4. Evaluation Protocols and Empirical Benchmarks
Test-time natural video completion is evaluated on both canonical and newly designed benchmarks that stress spatial, temporal, and generalization capabilities:
- VideoCanvasBench: Covers arbitrary patch-to-video, image-to-video, and video-to-video transitions under both homologous (same scene) and non-homologous (cross-scene) configurations; metrics include PSNR, FVD, LAION-AES, MUSIQ, CLIP-CSCV, Dynamic Degree, and expert user studies (Cai et al., 9 Oct 2025).
- Novel View Synthesis Datasets: LLFF, DTU, DL3DV, and MipNeRF-360 offer evaluation in sparse-input, high-ambiguity scenarios, measuring PSNR, SSIM, and LPIPS (Xu et al., 22 Nov 2025).
- Standard Inpainting Metrics: PSNR, SSIM, VFID, and flow-warp error are used to quantify the fidelity and consistency of inpainted outputs in semantically rich videos (e.g., YouTube-VOS, DAVIS) (Lee et al., 21 Aug 2024).

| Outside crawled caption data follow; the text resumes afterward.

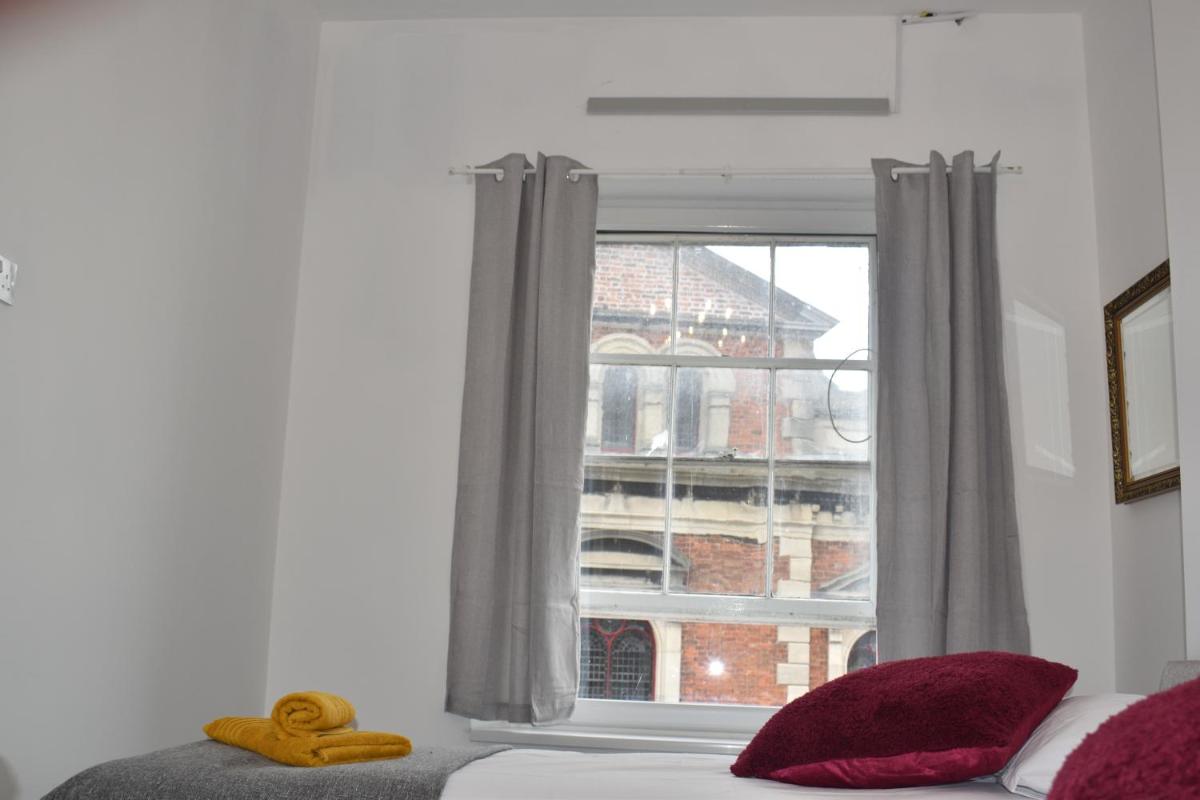 Camri Room - Housity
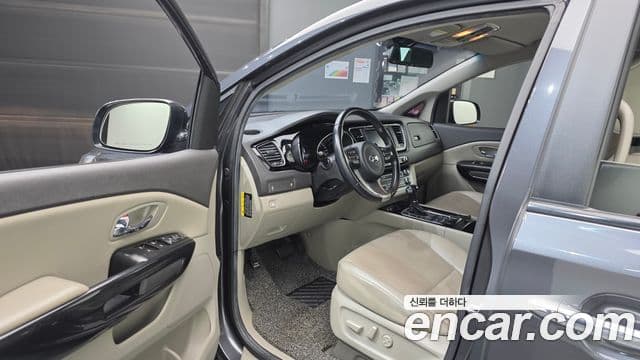 Kia All New Carnival Prestige, 2016 10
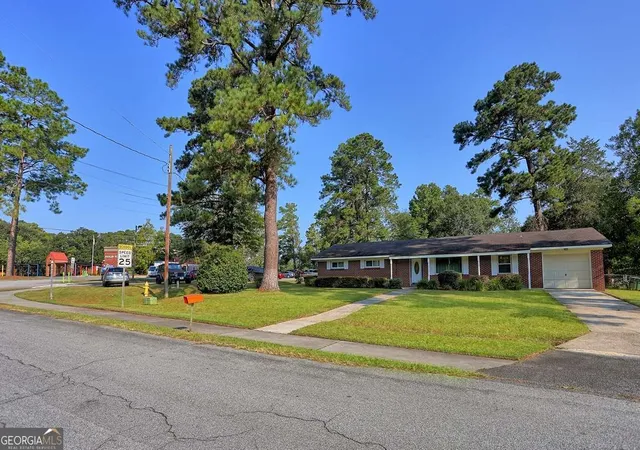 4th image of 220 Holly Ave, Pooler, GA 31322 | MLS# 10608757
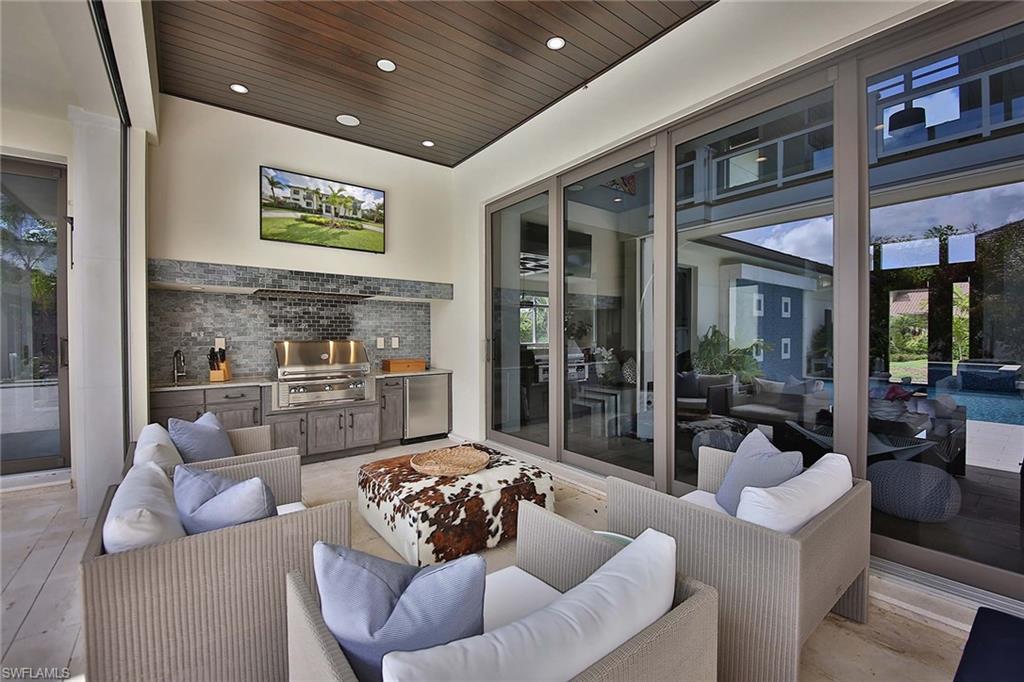 MOORINGS - Residential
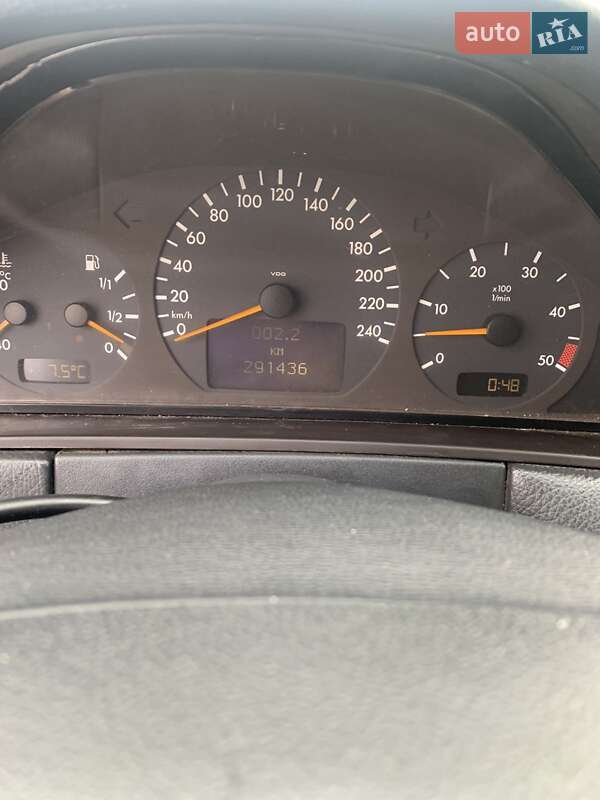 Седан Mercedes-Benz E-Class 1999 в Хмельницком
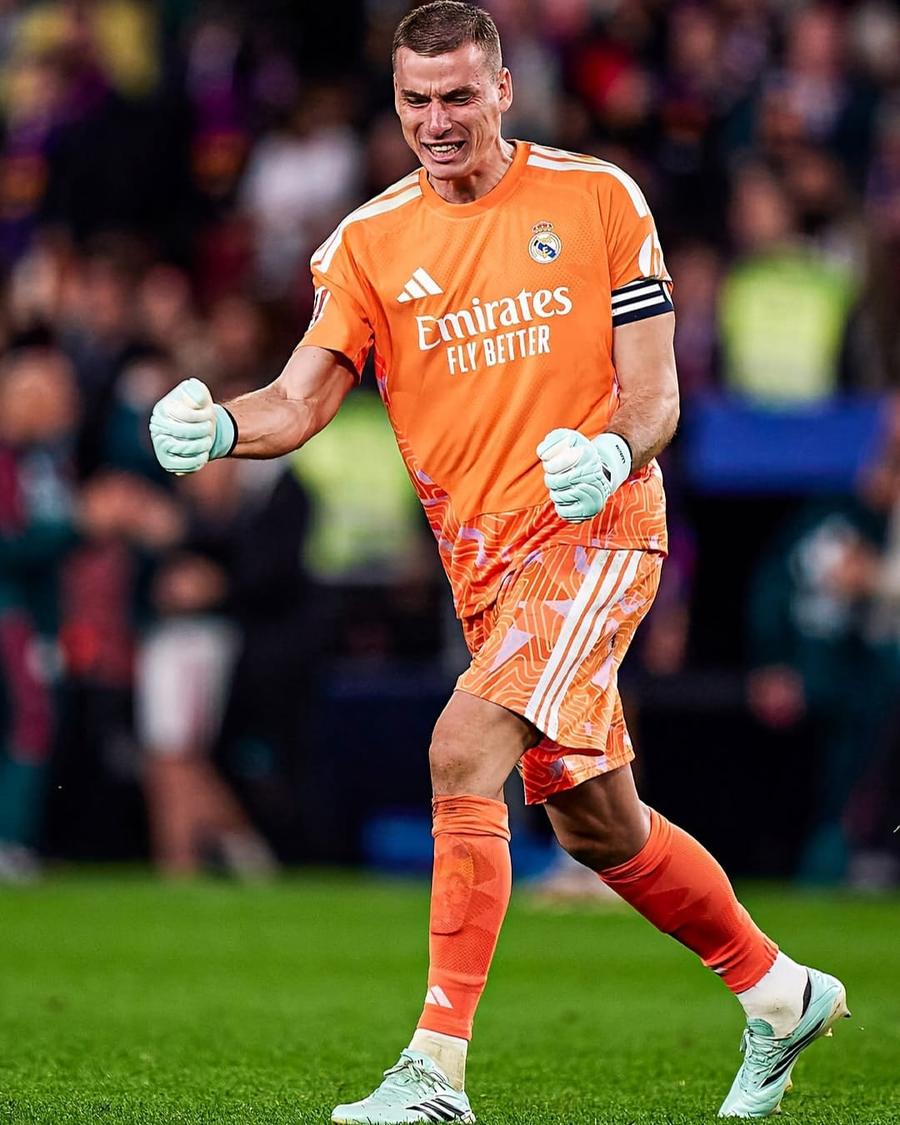 Andriy Lunin a fost providențial în Barcelona - Real (1-2) Mourinho l-a felicitat primul după victorie! Eroul de pe Camp Nou a fost pulverizat de „Generația de Suflet” în 2024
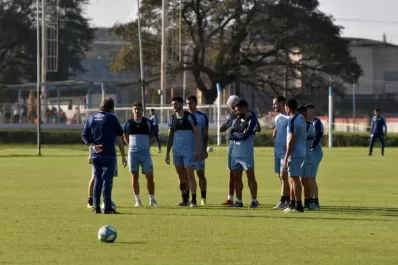 El “Ruso” Zielinski prueba variantes en el amistoso ante Mitre
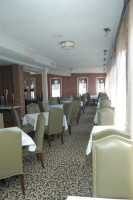 Nuovo Restaurant inside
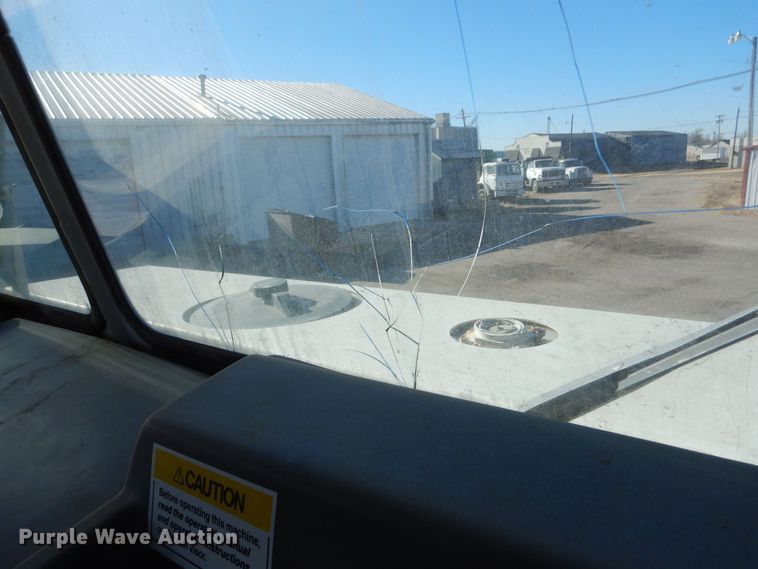 image for item MT9999 1995 Elign Pelican Series P  street sweeper truck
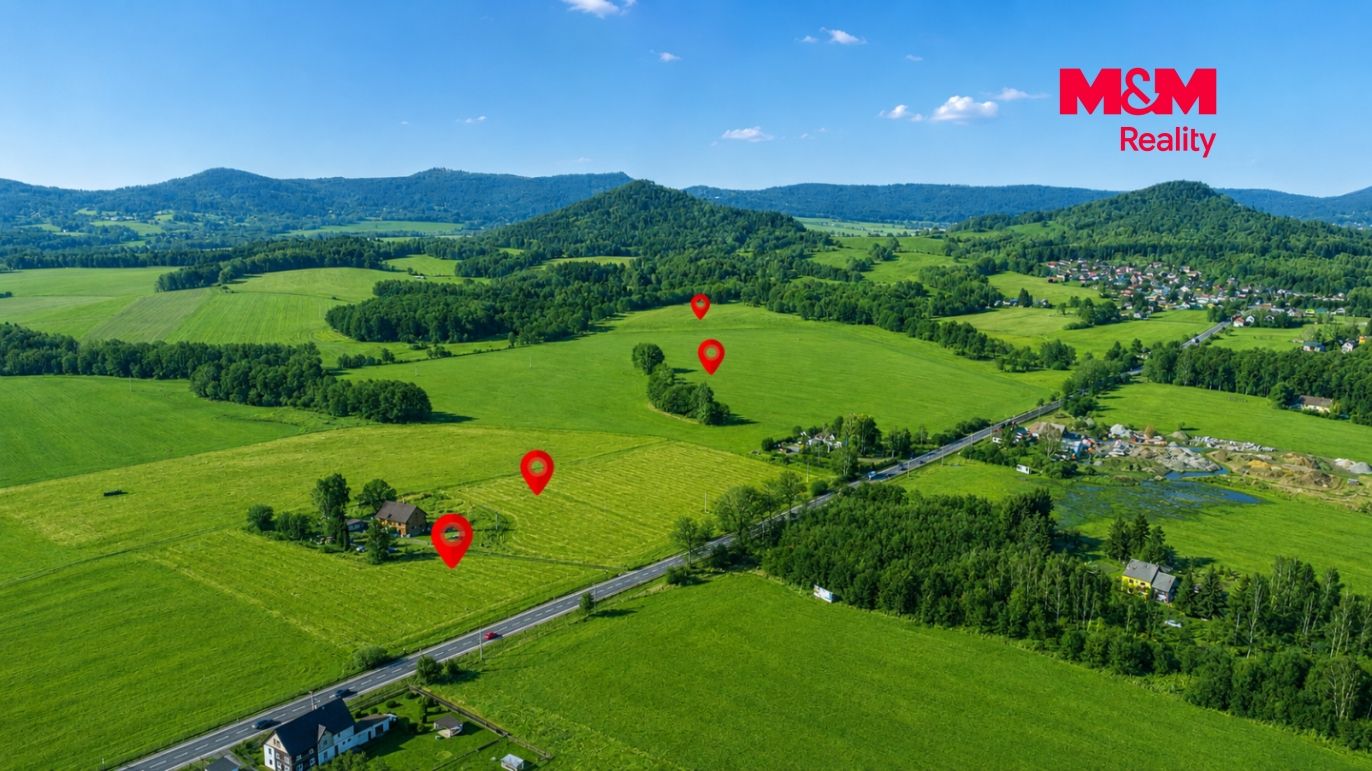 pohled na pozemek 1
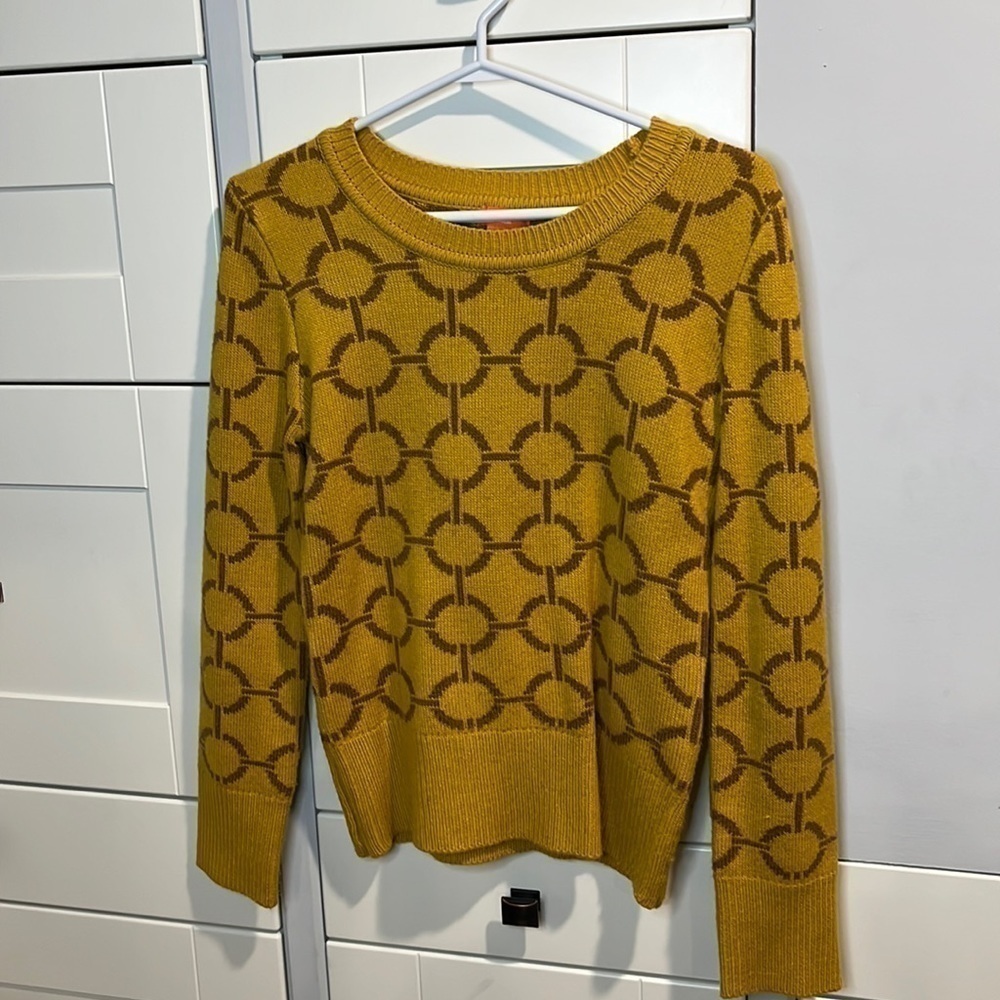 JOE. Size small. Patterns. Mustard. Brown. Sweater.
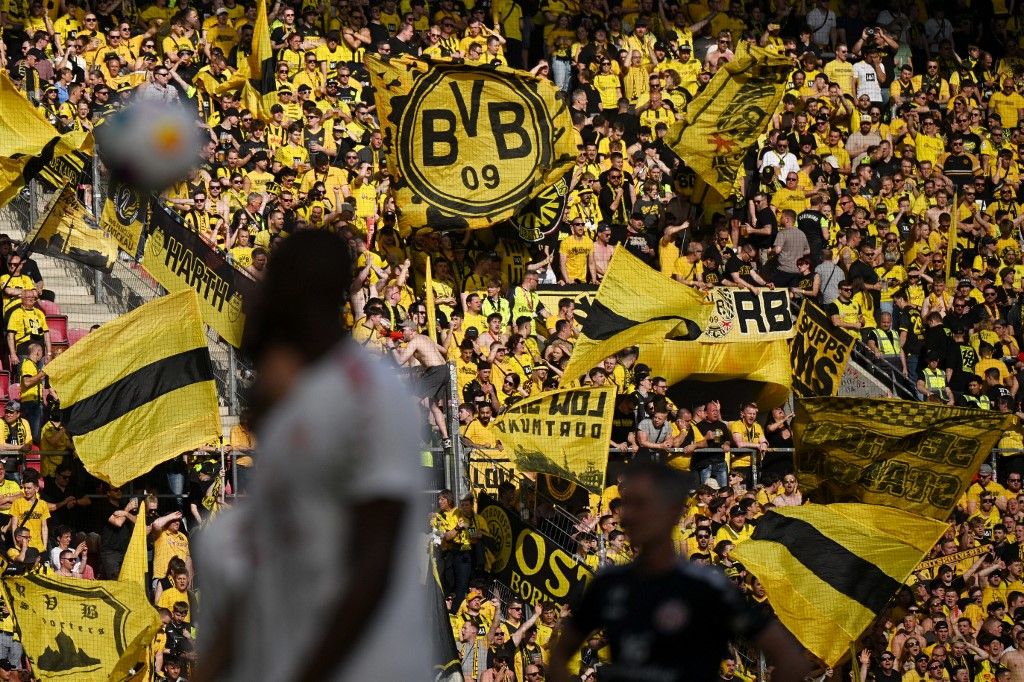 Borussia Dortmund taraftarları protestoya hazırlanıyor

Test-time diffusion approaches consistently outperform conventional baselines, especially under extreme measurement sparsity. For example, on LLFF with 3 inputs, the uncertainty-aware diffusion framework achieves 20.51 dB PSNR, 0.840 SSIM, and 0.137 LPIPS, compared to 20.44/0.702/0.207 for leading 3D-GS methods (Xu et al., 22 Nov 2025). On VideoCanvasBench, ICC conditioning achieves best FVD and Dynamic Degree for arbitrary patch completion tasks (Cai et al., 9 Oct 2025). In inpainting, FFF-VDI reaches PSNR 35.06 and SSIM 0.9812, surpassing optical flow based methods (Lee et al., 21 Aug 2024).
5. Closed-loop 3D–2D Feedback Mechanisms
A central innovation is coupling 3D scene reconstruction and 2D generative video synthesis in an iterative feedback loop. Methods such as "Novel View Synthesis from A Few Glimpses via Test-Time Natural Video Completion" (Xu et al., 22 Nov 2025) instantiate the following cycle:
- Initialize 3D-GS on sparse views.
- Generate intermediate ("pseudo-view") frames at novel camera poses using test-time diffusion, conditioned by 3D-GS guidance and uncertainty masking.
- Densify Gaussians in the 3D model using synthetic views, filtered for geometric reliability.
- Jointly retrain the 3D-GS with both observed and synthetic supervision, iterating the procedure.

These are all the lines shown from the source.